Codelivery of resveratrol melatonin utilizing pH responsive sericin based nanocarriers inhibits the proliferation of breast cancer cell line at the different pH

Abstract

Protein-based nanocarriers have demonstrated good potential for cancer drug delivery. Silk sericin nano-particle is arguably one of the best in this field. In this study, we developed a surface charge reversal sericin-based nanocarrier to co-deliver resveratrol and melatonin (MR-SNC) to MCF-7 breast cancer cells as combination therapy. MR-SNC was fabricated with various sericin concentrations via flash-nanoprecipitation as a simple and reproducible method without complicated equipment. The nanoparticles were subsequently characterized for their size, charge, morphology and shape by dynamic light scattering (DLS) and scanning electron microscope (SEM). Nanocarriers chemical and conformational analysis were done by fourier transform infrared spectroscopy (FT-IR) and circular dichroism (CD) respectively. In vitro drug release was determined at different pH values (7.45, 6.5 and 6). The cellular uptake and cytotoxicity were studies using breast cancer MCF-7 cells. MR-SNC fabricated with the lowest sericin concentration (0.1%), showed a desirable 127 nm size, with a net negative charge at physiological pH. Sericin structure was preserved entirely in the form of nano-particles.

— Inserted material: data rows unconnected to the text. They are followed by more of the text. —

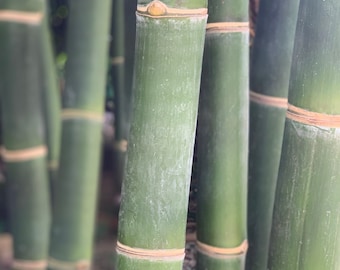 Giant Timber Bamboo - Bambusa oldhamii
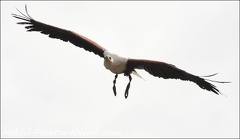 Orel jasnohlasy / African Fish-eagle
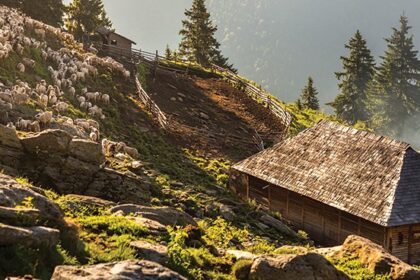 discovering-oslea-cheese-from-romania-cheese-the-cheese-place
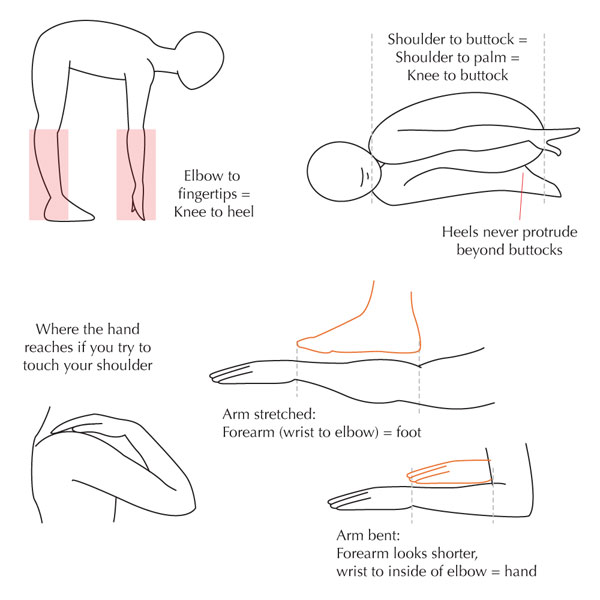 İnsan Anatomisi Model çizim Teknikleri ve Ölçü nasıl alınır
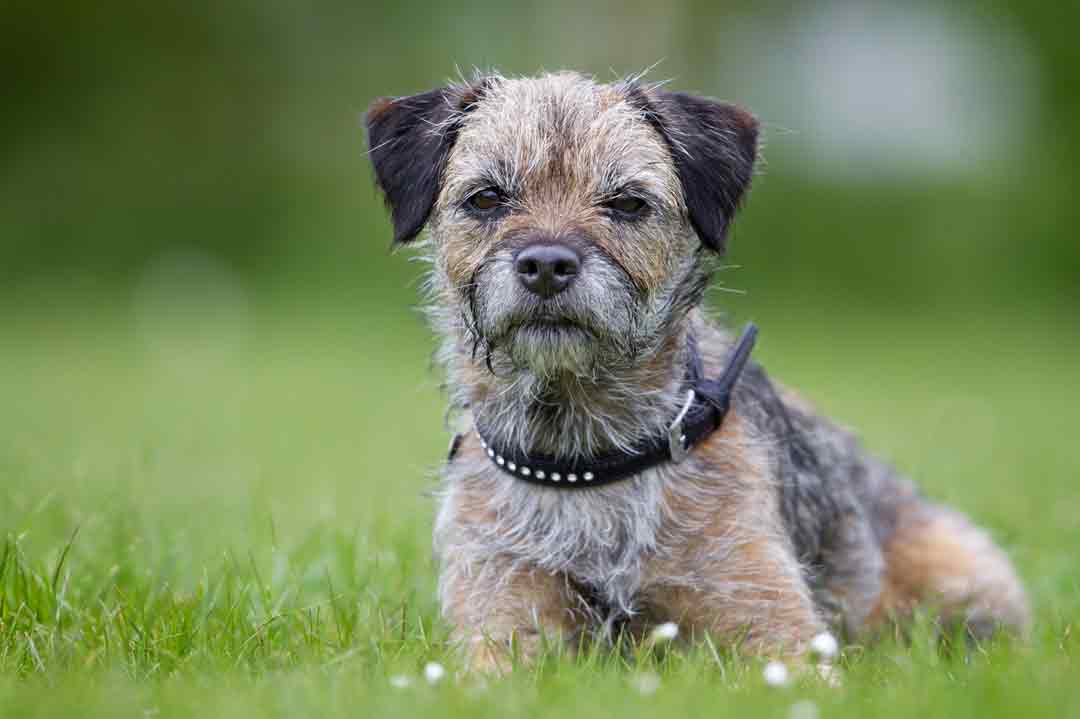 Border Terrier im Rasseporträt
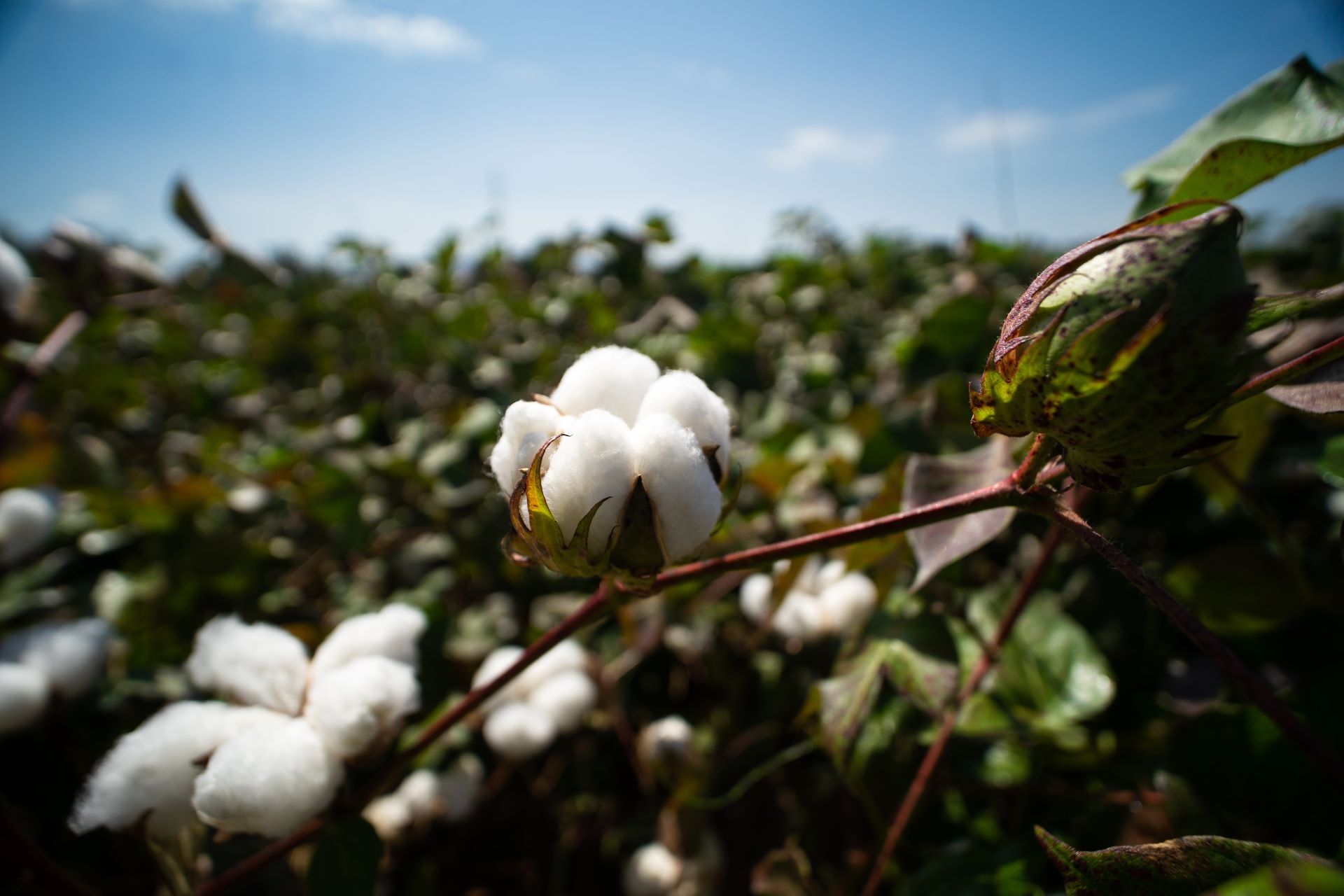 Flame-resistant cotton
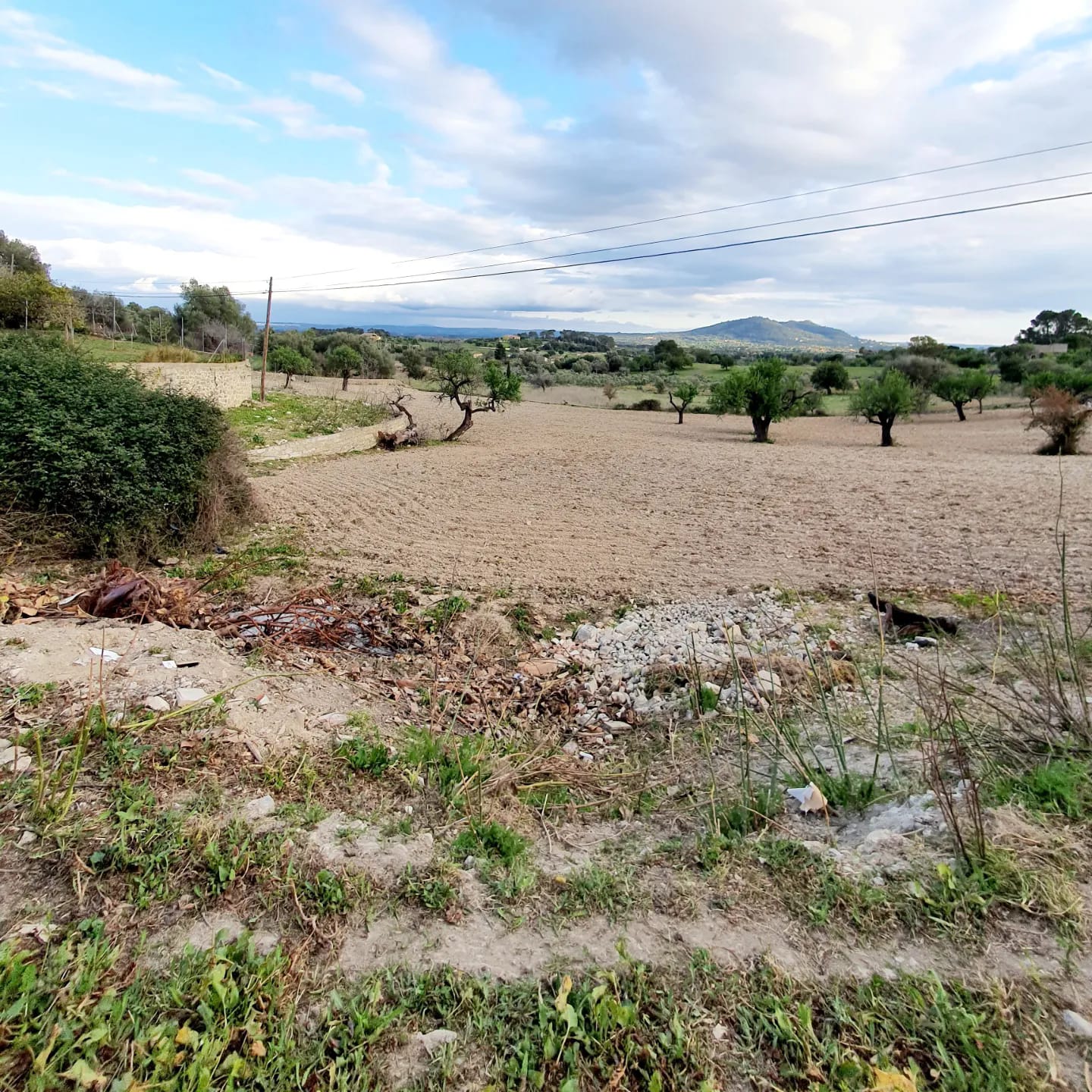 Plot for sale in Mallorca East 5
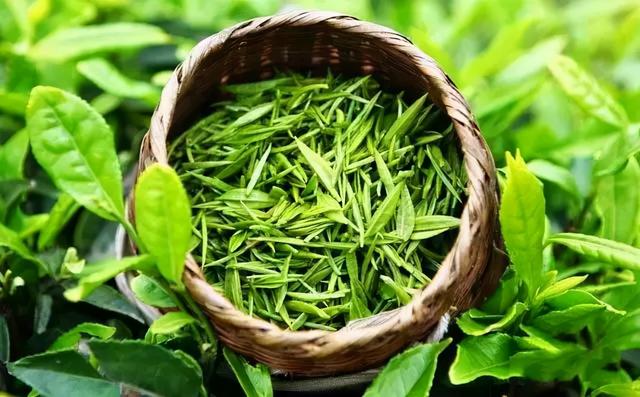 汉中仙毫是啥茶，汉中仙毫是什么茶（陕西名茶-“鱼米之乡”汉中仙毫）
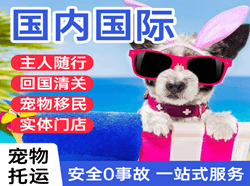 南京禄口机场托运国际宠物托运 【国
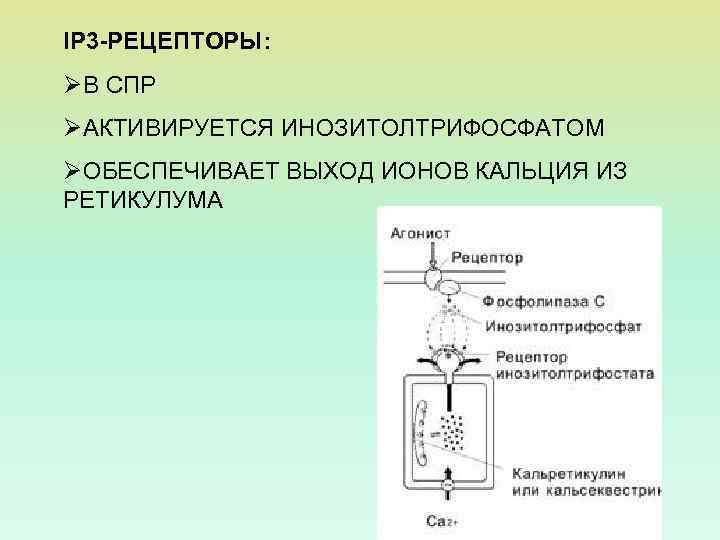 В 3 рецепторы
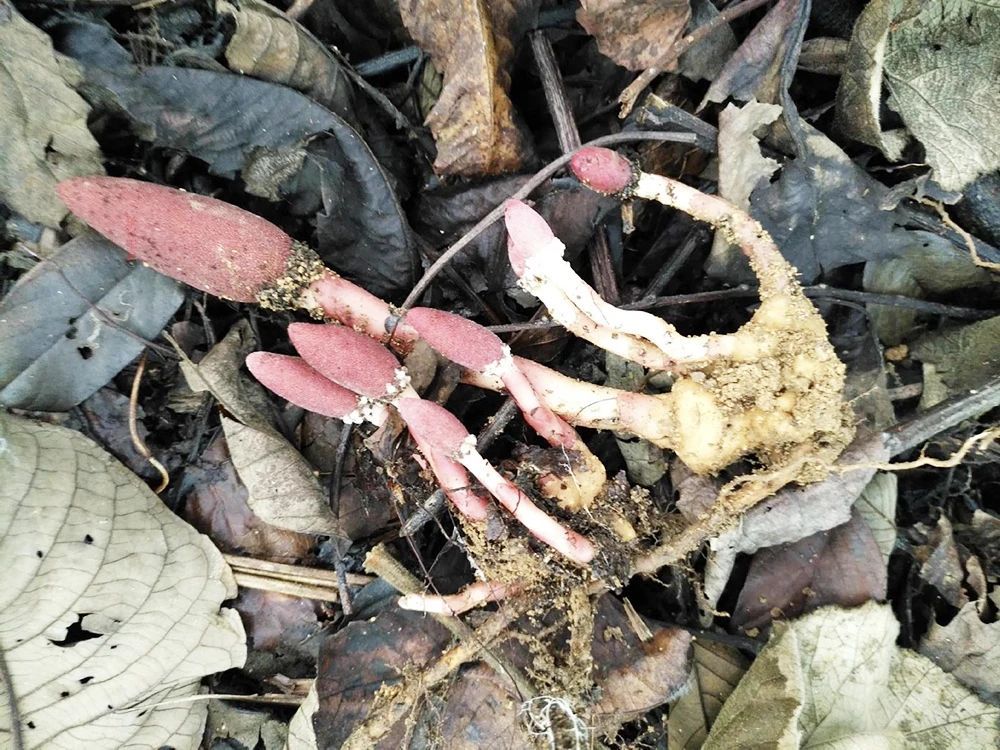 山里见到这种植物,请别忽视,价值极为珍贵,俗称"借母怀胎"_腾讯新闻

Among the three pH values we applied, the maximum in vitro drug release was at pH 6, 6.5, and 7.4, respectively. This pH dependency showed the charge reversal property of our smart nanocarrier via changing the surface charge from negative to positive in mildly acidic pH, destructing the electrostatic interactions between sericin surface amino acids. Cell viability studies demonstrated the significant toxicity of MR-SNC in MCF-7 cells at all pH values after 48 h, suggesting a synergistic effect of combination therapy with the two antioxidants. The efficient cellular uptake of MR-SNC, DNA fragmentation and chromatin condensation was found at pH 6. Nutshell, our result indicated proficient release of the entrapped drug combination from MR-SNC in an acidic environment leading to cell apoptosis. This work introduces a smart pH-responsive nano-platform for anti-breast cancer drug delivery.

Figure 1

Structures of resveratrol (A) and Melatonin (B).

Figure 2

SEM analysis of (A) 0.2% sericin nano-capsule with the average size of 265 nm; (B) 0.3% sericin nano-capsule with the average size of 557 nm; (C) 0.5% sericin nano-capsule with the average size of 662 nm, and (D) 1% sericin nano-capsule with the average size of 918 nm.

Figure 3

SEM analysis of 0.1% sericin nano-capsule with the average size of 127.9 nm.

Figure 4

Physicochemical characterization of NDCDS (RES + MEL-SCN).

Figure 5

The FT-IR spectra of melatonin (MEL), Resveratrol (RES), SNC, and MR-SNC.

Figure 6

CD spectra of sericin, B-SNC, MR-SNC, MEL, MEL + RES and RES (A); sericin spectrum demonstrated a weak negative band at 218 nm, which was assigned to β-sheet. The K2D3 software output of sericin secondary structure (B).

Figure 7

The in vitro release of MEL and RES from MR-SNC under different pH values (7.4, 6.5, 6), up to 55 h.

Figure 8

(A) MCF-7 cells viability after treatment with various concentrations of B-SNC, RES + MEL, and MR-SNC at different pHs. Results are mean ± SD for 3 different experiments, *P ≤ 0.05 compared to the respective controls. (B) Means Comparission of MCF-7 cells viability at various pHs in three groups. Results are mean ± SD for 3 different experiments, *P ≤ 0.05 compared to the respective controls.

Figure 9

Intracellular uptake of FITC labeled MR-SNC (500 µg/mL, pH 6) and DAPI staining of MCF-7 cells. Bar scale, 200 nm.

Figure 10

The charge reversal process may disrupt the electrostatic interactions between the sericin amino acids side chains (carboxyl and amino) in SNC at cancer environment PH, releasing MEL and RES.